6 Dummy variables with more than two characteristics
Usually, dummy variables have only two characteristics. However, it can happen that they can have more than two. But this is not a problem. Look at the variable Job:
dummy_job = pd.get_dummies(show_dummy['Job'], prefix="Job")
dummy_job.head()
column_name = show_dummy.columns.values.tolist()
column_name.remove('Job')
show_dummy = show_dummy[column_name].join(dummy_job)
show_dummy.head()
7 How to deal with multiple categorical features in a dataset
To show how to create dummy variables in a data set that contains many categorical variables, we reload the data set ‘gender_discrimination’ and prepare it as shown in step 3 again.
gender_discrimination = pd.read_csv("gender_discrimination.csv")
show_dummy = gender_discrimination[['Gender', 'Exper', 'Rank', 'Sal95']]
vals_to_replace_gender = {0:'Female', 1:'Male'}
vals_to_replace_rank = {1:'Assistant', 2:'Associate', 3:'Full_Professor'}
show_dummy['Gender'] = show_dummy['Gender'].map(vals_to_replace_gender)
show_dummy['Rank'] = show_dummy['Rank'].map(vals_to_replace_rank)
show_dummy.columns = ['Gender', 'Years_of_Experiences', 'Job', 'Salary']
show_dummy.head()
In the first step, we select all categorical variables.
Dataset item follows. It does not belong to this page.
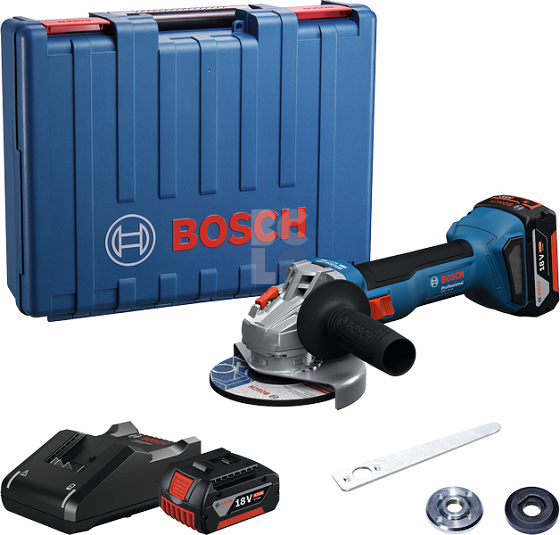 BOSCH Aku kutna brusilica 125 mm GWS 18V-8 2x4Ah, LBOXX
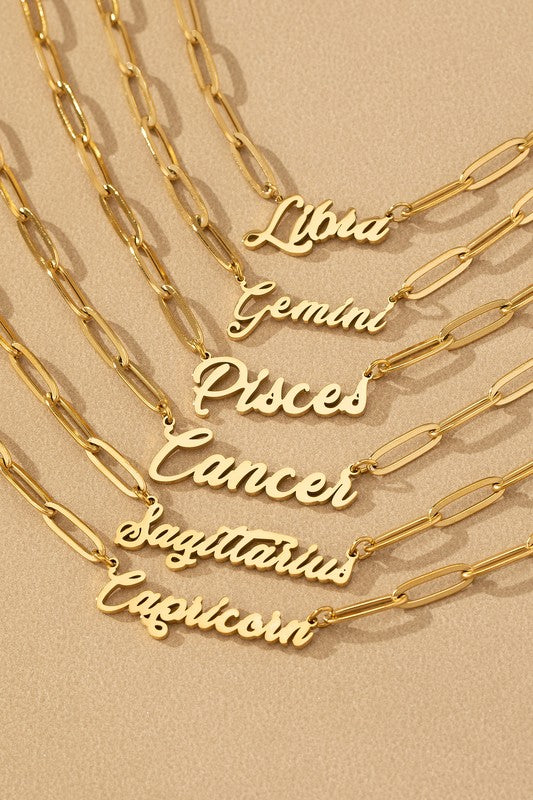 Zodiac Sign Pendant Necklace - Water Proof Stainless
Then we create dummy variables for each categorical variable. In the end, we combine all dummy and non-categorical variables and exclude unnecessary columns from the final data set.
#Just select the categorical variables
cat_col = ['object']
cat_columns = list(show_dummy.select_dtypes(include=cat_col).columns)
cat_data = show_dummy[cat_columns]
cat_vars = cat_data.columns
#Create dummy variables for each cat. variable
for var in cat_vars:
cat_list = pd.get_dummies(show_dummy[var], prefix=var)
show_dummy=show_dummy.join(cat_list)
data_vars=show_dummy.columns.values.tolist()
to_keep=[i for i in data_vars if i not in cat_vars]
#Create final dataframe
show_dummy_final=show_dummy[to_keep]
show_dummy_final.columns.values
Voilà !
8 Conclusion
Creating and using dummy variables is essential in machine learning because it can significantly improve results.